Francisco Ferrer i Guardia est né le 10 janvier 1859 à Allela, près de Barcelone, d’une famille de paysans aisés. A cette époque, l’Espagne est monarchiste et fermement catholique. En 1886 il prend part à une tentative d’insurrection républicaine qui échoue ; il est alors forcé de s’exiler en France. Il donne des leçons d’espagnol à Paris et se lie d’amitié avec de grands anarchistes tels que Faure, Grave et Malato qui lui transmettent leurs idées. L’anarchie est un courant de pensée qui pense que le meilleur moyen de faire évoluer la société est l’éducation. En 1901, il décide de retourner en Espagne fonder une école primaire moderne à Barcelone. L’Escuela Moderna ouvre ses portes le 8 octobre 1901 et rencontre un grand succès. En effet, la bourgeoisie et les ouvriers recherchent une alternative au monopole éducatif de l’Eglise catholique. Le clergé et les milieux monarchistes sont très mécontents. Le 31 mai 1906, le roi Alfonso XIII est la cible d’un attentat par le bibliothécaire de l’école qui tue 28 personnes. Cela suffit aux autorités pour fermer l’école et emprisonner l’innocent Francisco qui sera relâché au bout d’un an faute de preuves. Il décide alors de se rendre dans plusieurs capitales européennes pour plaider sa cause et fonde « la Ligue internationale pour l’éducation rationnelle de l’enfance » présidée par Anatole France. De nombreuses personnalités le soutiennent et il a une audience importante. Cependant, il se trouve à Barcelone, le 26 juillet 1909, lorsqu’une grève générale en protestation à la guerre du Rif au Maroc et de la conscription générale éclate. Celle-ci tourne à l’émeute, et l’armée se mutine. Le gouvernement envoie des troupes le 29 juillet et réprime la révolte dans le sang. Il y a une centaine de morts, environ 500 blessés et les manifestants ont eu le temps de détruire plus de 80 édifices religieux. C’est ce qu’on appelle la Semaine tragique.
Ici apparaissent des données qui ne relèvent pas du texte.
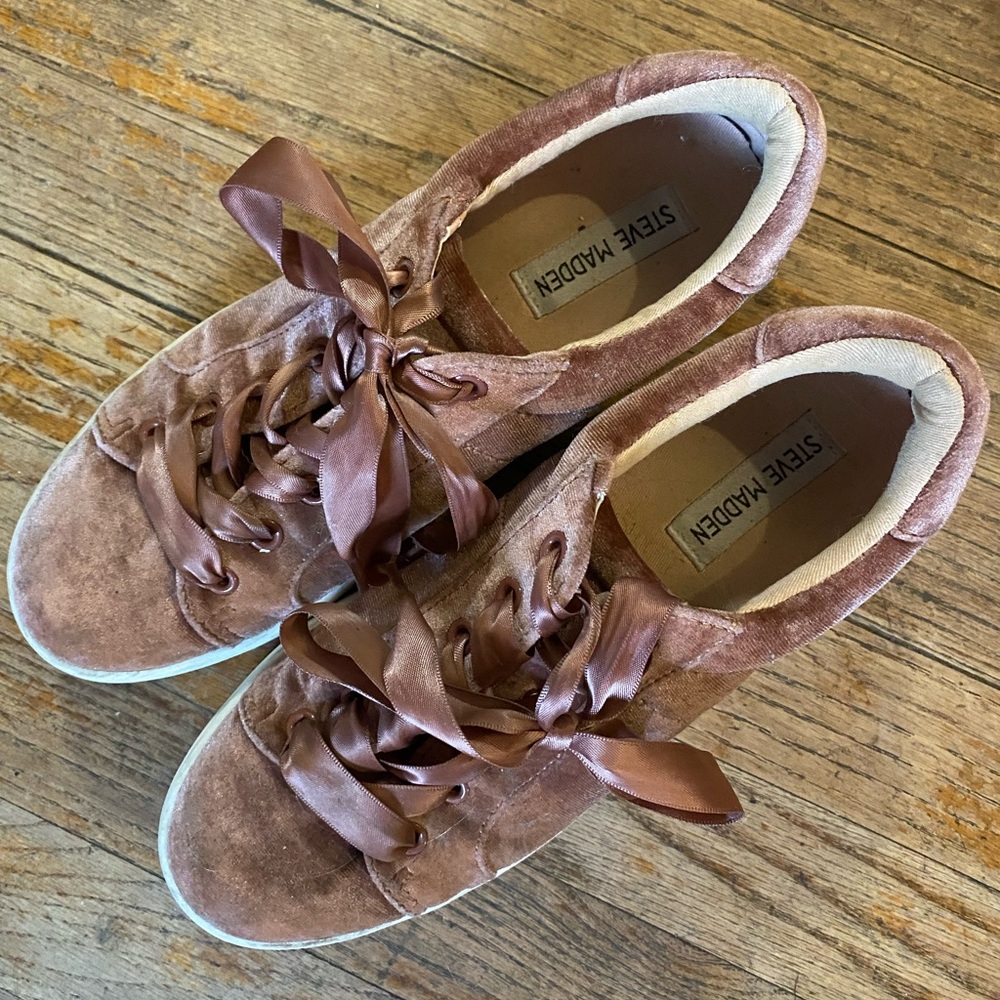 Rose Pink Velvet sneakers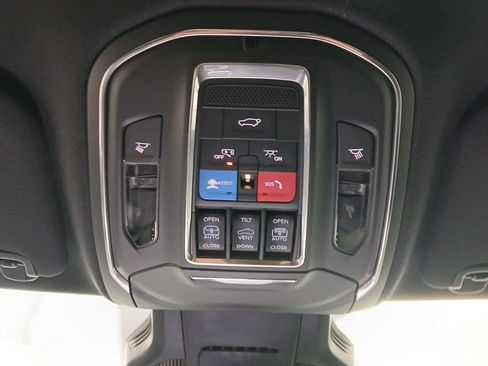 New 2026 Jeep Cherokee Limited image 16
Francisco Ferrer n’y est pour rien dans ces évènements mais il est arrêté et accusé d’en être l’instigateur. Il est jugé par un tribunal militaire sous influence de l’Eglise. Malgré l’absence flagrante de preuves, il est condamné à mort et fusillé le 13 octobre 1909. Son exécution provoque des manifestations dans le monde entier. Sa condamnation est reconnue erronée en 1912. Aujourd’hui, de nombreuses rues, places et écoles portent son nom et un monument lui est dédié à Barcelone.